### Exercise
Everything from the line with "Échelle, en Acier" to the end of the data below, both lines included, should be transcribed exactly; please omit the pictures.

### Source data
════════════════
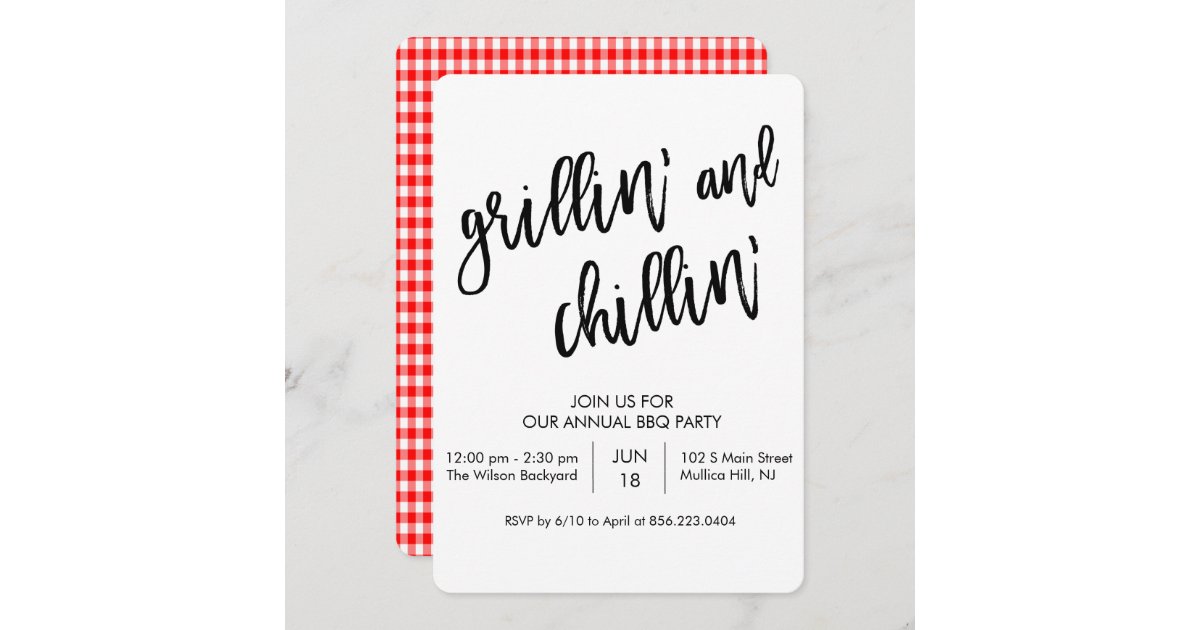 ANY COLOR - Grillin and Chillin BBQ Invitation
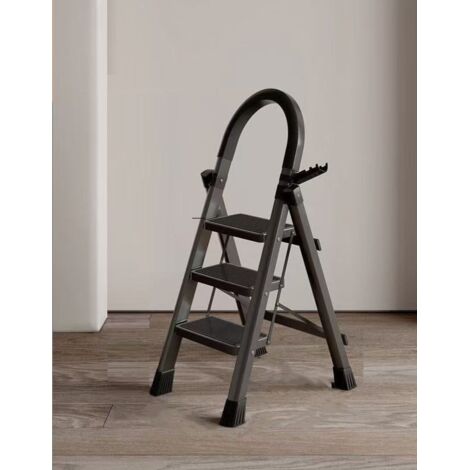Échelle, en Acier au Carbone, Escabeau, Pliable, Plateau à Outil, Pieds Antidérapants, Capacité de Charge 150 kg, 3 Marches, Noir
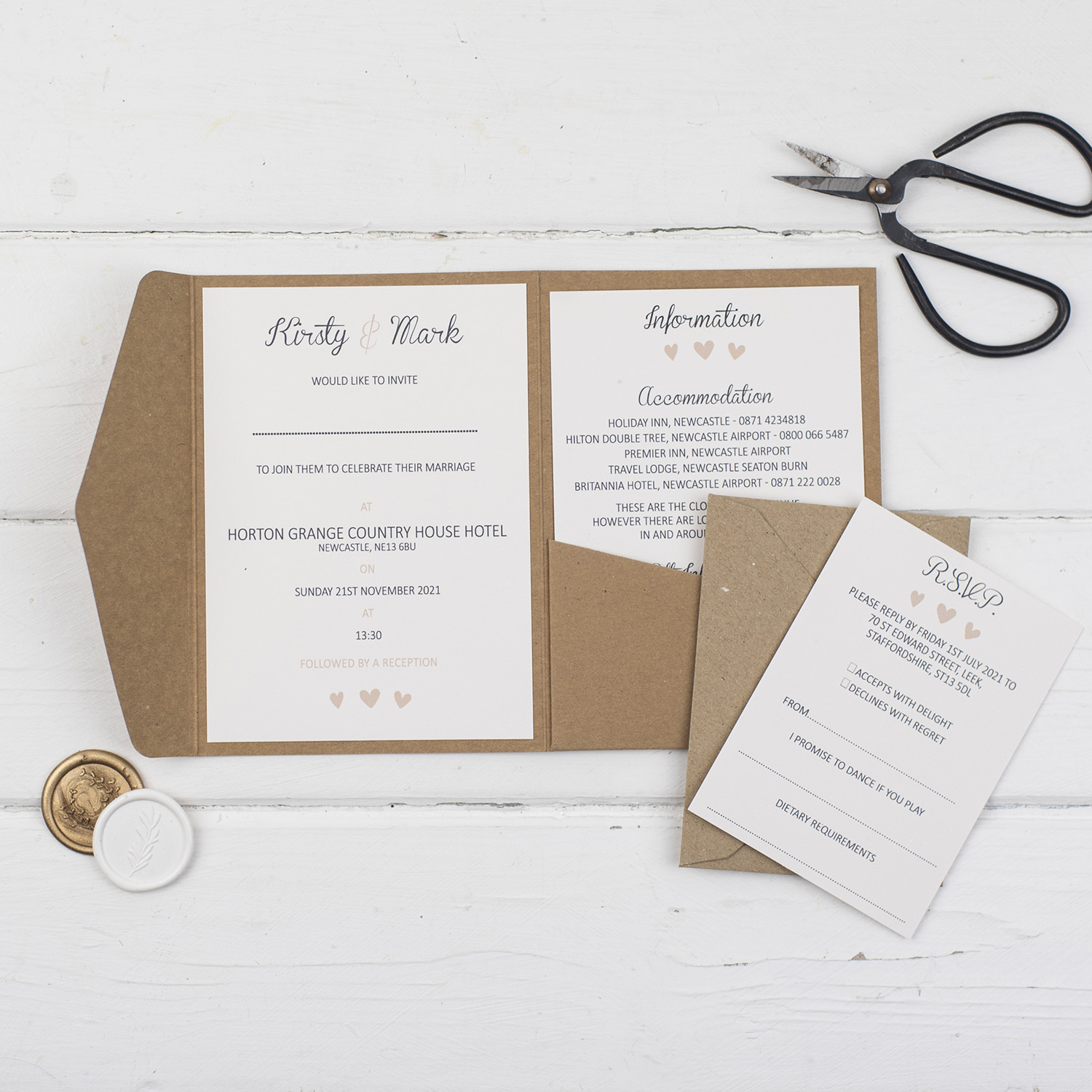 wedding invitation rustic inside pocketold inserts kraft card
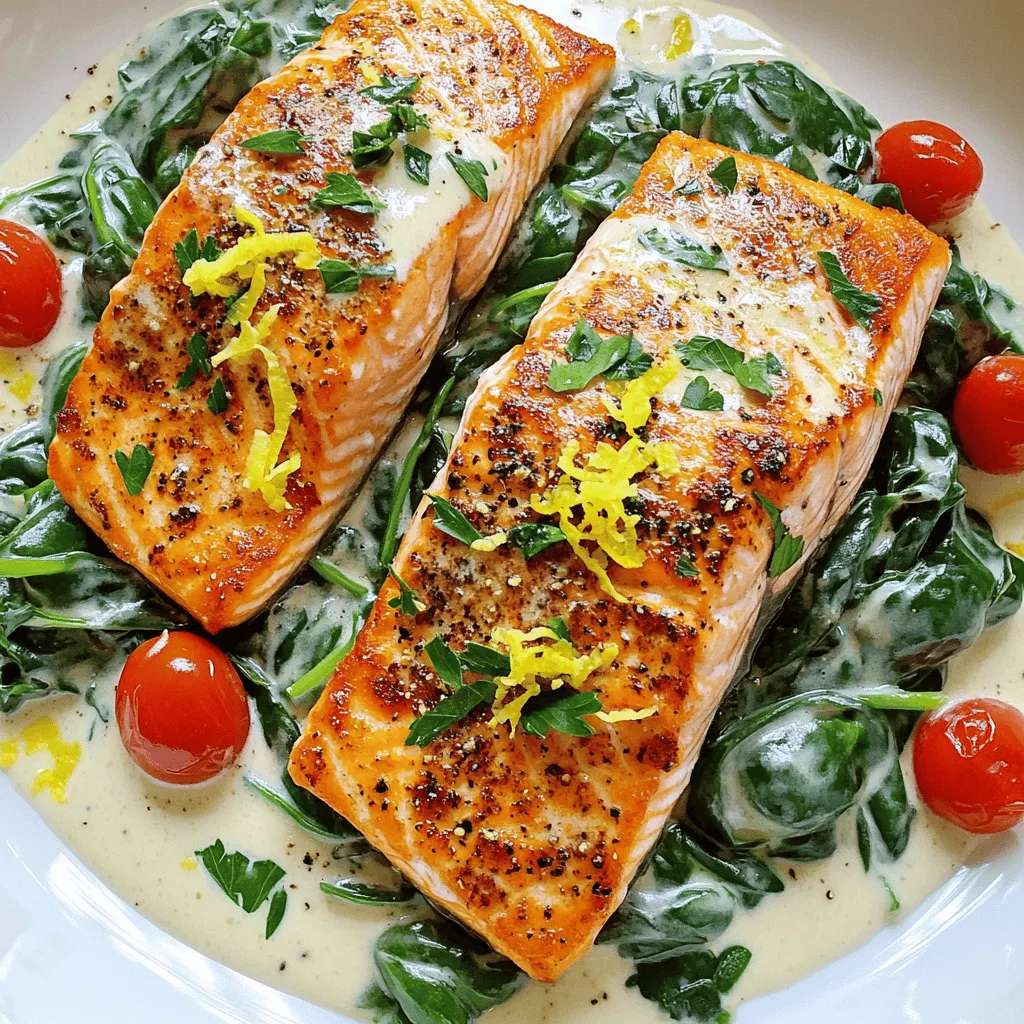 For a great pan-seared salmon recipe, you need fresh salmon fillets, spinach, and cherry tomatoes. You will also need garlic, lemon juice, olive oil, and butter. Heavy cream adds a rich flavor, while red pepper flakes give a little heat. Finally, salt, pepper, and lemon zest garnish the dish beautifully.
════════════════
### Answer area
Échelle, en Acier au Carbone, Escabeau, Pliable, Plateau à Outil, Pieds Antidérapants, Capacité de Charge 150 kg, 3 Marches, Noir
 wedding invitation rustic inside pocketold inserts kraft card
 For a great pan-seared salmon recipe, you need fresh salmon fillets, spinach, and cherry tomatoes. You will also need garlic, lemon juice, olive oil, and butter. Heavy cream adds a rich flavor, while red pepper flakes give a little heat. Finally, salt, pepper, and lemon zest garnish the dish beautifully.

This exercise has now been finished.